A Carrier’s Practical View of SDN

Yesterday I talked about the views of a particular operator on NFV trials and evolution, based on a conversation with a very knowledgeable tech guru there.  That same guru is heavily involved in SDN evolution and it’s worthwhile to explore the operator’s SDN progress and directions.

A good place to start is with the focus of SDN interest, and where the operator thinks SDN trials and testing have to be concentrated.  According to this operator, metro, mobile, and content delivery are the sweet spots in the near term.  It’s not that they don’t believe in SDN in the data center or SDN in the cloud or in NFV, but that these applications are less immediately critical and offer less potential benefit.  In the case of data center SDN, obviously, the drive would depend on a large enough data center build-out to justify it, so it’s contingent on cloud and NFV deployment.

The issue the operator wants to address in the metro is that metro networks are in general aggregation networks and not connection networks, but we build them with connection network architectures.  Metro users are connected not to each other, directly, but to points of service where user experiences (including messaging or calling) are provided.  One logical question, asked by my contact here, is “What is the optimum connection architecture for aggregation in the metro?”  Obviously that will be different for residential wireline, wireless backhaul, and CDNs.  With SDN they should be able to create it.

For residential wireline networks, for example, the operator is very interested in using SDN as a means of managing low-layer virtual pipes that groom agile optics bandwidth.  One obvious question is whether emerging SDN-optical standards have any utility, and the operator thinks that will depend on the nature of top-layer management.  “Logically we’d probably control each layer separately, with the needs of the higher layer driving the commitments of the layer below.  But what if there is no top-layer management?”  The operator sees having an SDN controller do everything as a fall-back position should there be no manager-of-managers or policy feedback to link optical and electrical provisioning.

Even here, the operator is changing their view.  At one time they believed that it was essential for optical equipment to understand the ONF OpenFlow-for-optics spec, but now they’re increasingly of the view that having OpenDaylight speak a more convenient optical-control language out of one plugin and OpenFlow out of another would be a more logical approach.

Mobile SDN, as I’ve said in other blogs, seems to cry out for the notion of a new SDN-based service model that would through forwarding control create the agile path from the PGW to the cell where the user is currently located.  But the operator would also like to see some thinking around whether mobile Internet and content in particular don’t suggest a completely different model for forwarding everything to mobile users.  “Why couldn’t I make every mobile user a kind of personal-area network and direct traffic into that network from cache points, gateways, whatever?  We need some outside the box thinking here.”

This particular point raises a question for SDN management, the one that’s the most interesting to this particular operator.  If a collection of devices is designed to provide a well-known service like Ethernet, we have established FCAPS practices that we can draw on, based on the well-understood presumptions of correct behavior and established standards.  How do you represent something that isn’t a well-known service?  What would the “management formula” for it be?  According to my contact here, the utility of SDN may depend on the question of how management interplays with controller behavior when you create something new and different.

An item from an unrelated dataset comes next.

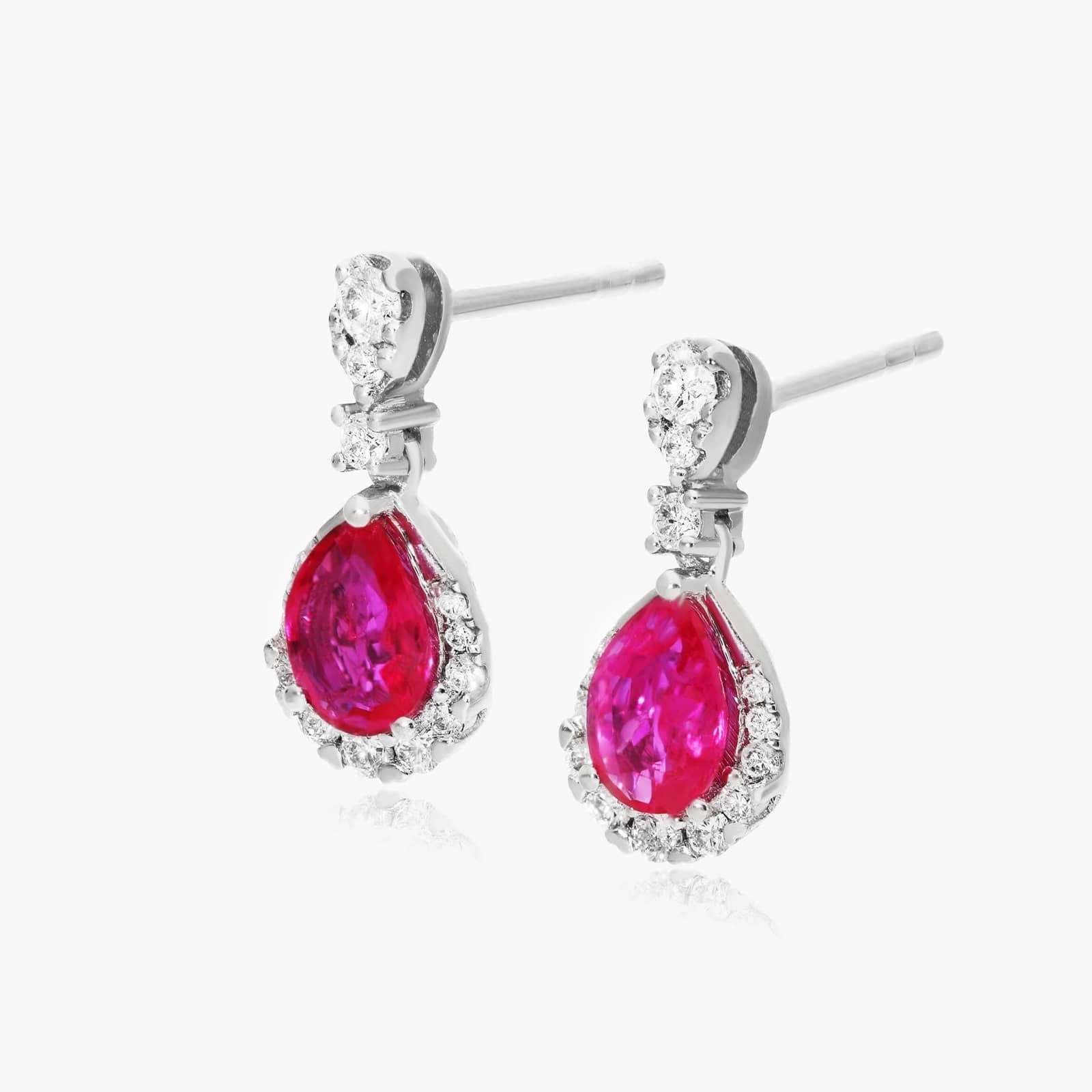 Regal Ruby Drop Earrings In 14K White Gold By James Allen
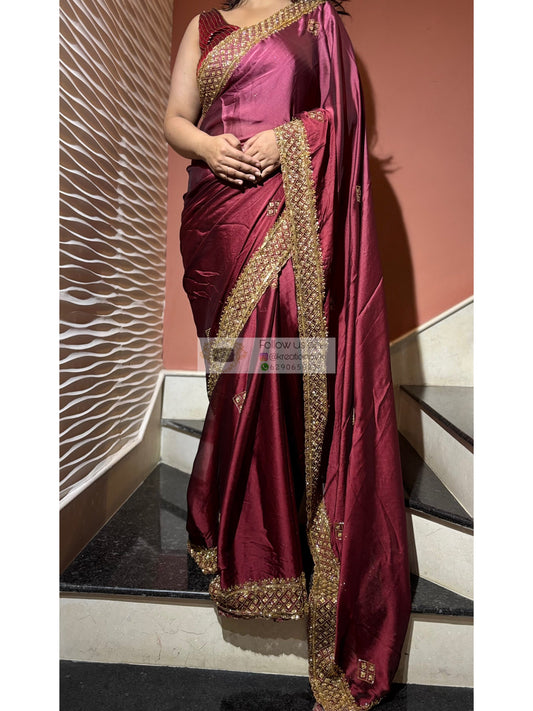 Merlot Ombre Georgette Zeenat Saree kreationbykj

Management in SDN is an issue in any event, and at many levels.  First, while it is true that central control of forwarding can create a “service”, can that central point provide a management view?  Obviously what the controller thinks the state of the nodes and paths in an OpenFlow network should be doesn’t mean that the real world conforms to that view.  In fact, if we could assume that sort of thing we’d have declared “management by endorsement” the right answer to all our problems ages ago.  But what is the state of a node?  Absent adaptive behavior on a nodal level, what happens when a node fails?  If the adjacent nodes “see” their trunk to the failed node having dropped, they could poison all the forwarding entries to that trunk, in which case the controller would presumably get route requests for the packets the impacted rules had forwarded.  But will it?  Is there still a path to the controller?  And how about the state of the hardware itself?  Don’t we need to read device MIBs?  If we do, how is the state of a node correlated with the state of a service?

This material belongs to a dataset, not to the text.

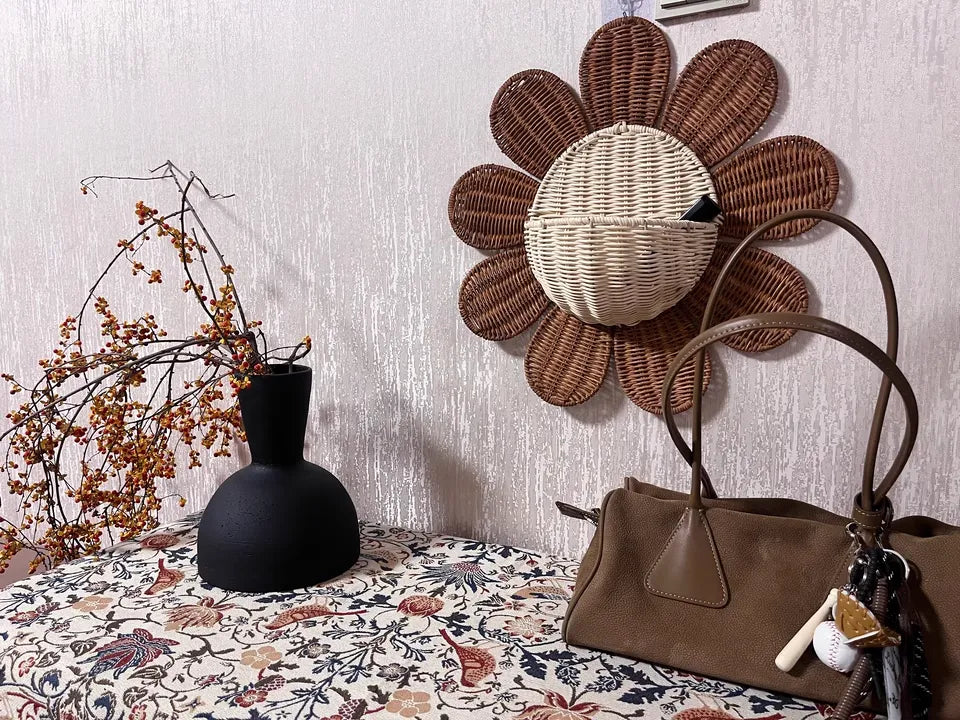 Woven Wall Hanging Basket for Kids Room Sunflower Shape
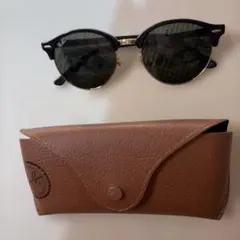 ぺ*こ様 Ray-Ban ラウンドサングラス ブラック/ゴールド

The second level is representing service-independent devices in a service-driven management model where we expect Ethernet services to be built using gadgets that have Ethernet MIBs.  Here’s a specific question from the operator:  Assume that you have a set of white-boxes providing Ethernet and IP forwarding at the same time, for a number of VPN and VLAN services.  These boxes have to look like something to a service management system, so what do they look like?  Is every box both a router and a switch depending on who’s looking?  Is there a big virtual router and switch instance created to manage?  If so, who creates it and parses out the commands that manage it?

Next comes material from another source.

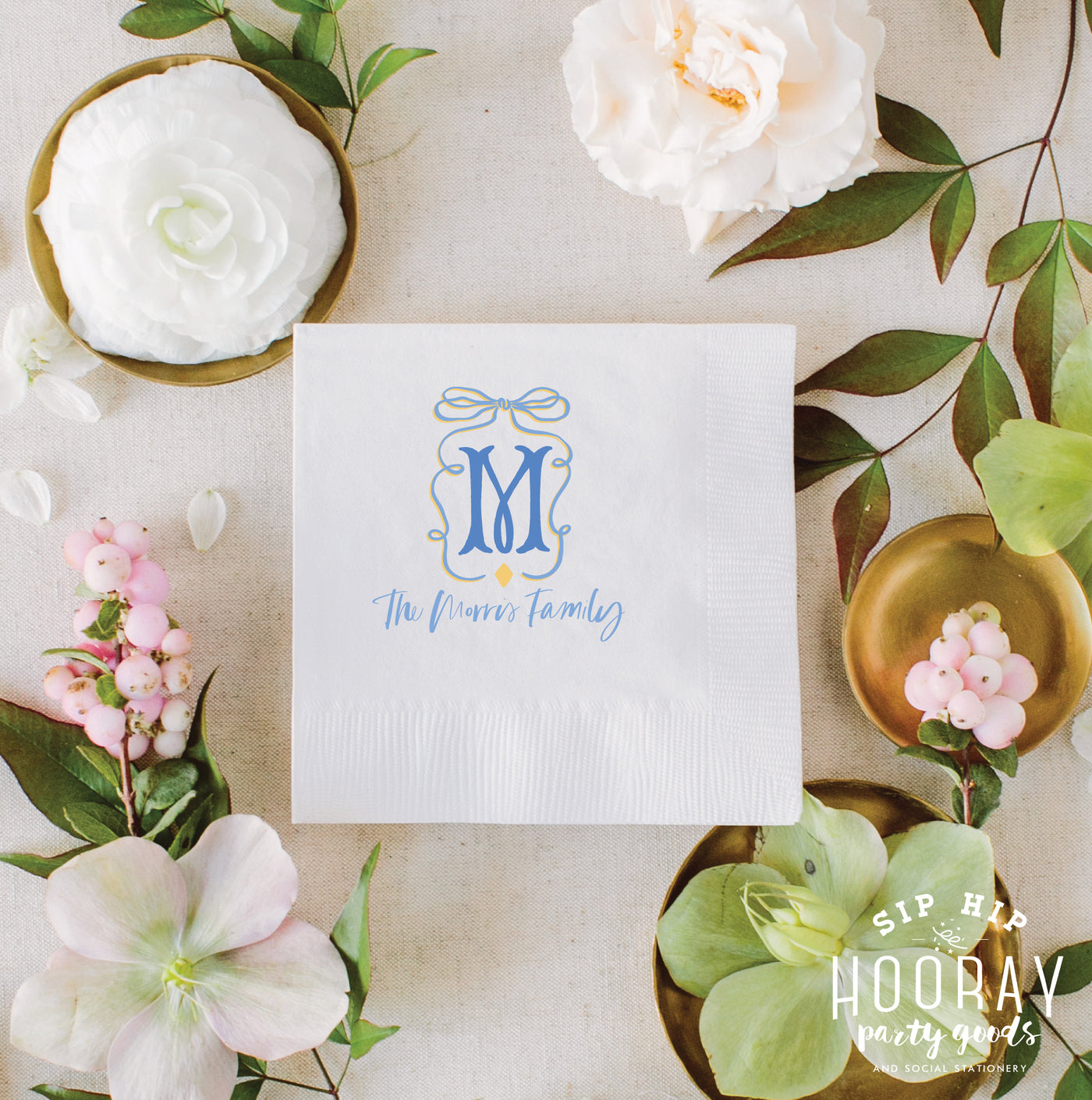 At Home Collection | Custom Monogram Bow Full Color Napkins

This particular operator ran into these questions when considering the question of how NFV would see, use, or create SDN services.  Look at a service chain as an example.  In “virtual terms” it’s a string of pearls, a linear threading of processes by connections.  But what connections in particular?  How does NFV “know” what the process elements in the service chain expect to see in the way of connectivity.  The software has to be written to some communications API, which presumes some communication service below.  What is it?  A “logical string of pearls” might be three processes in an IP subnet or linked with GRE tunnels, or whatever.  How do we describe to NFV what the processes need so we can set them up, and how do we combine the needs of the processes with the actual infrastructure available for connecting them to come up with specific provisioning commands?  And remember, if we say that a given MANO “script” has all the necessary details in it, then how do we make that script portable across different parts of the network, different vendors?

Metro missions seem to dodge many of these issues because the metro network is already kind of invisible in residential broadband, mobile, and CDN applications.  Progress there, this operator hopes, might answer some of the questions that could delay other SDN missions, and management hopes that progress will come—not only from their efforts but from trials and deployments of other operators.  I hope so too.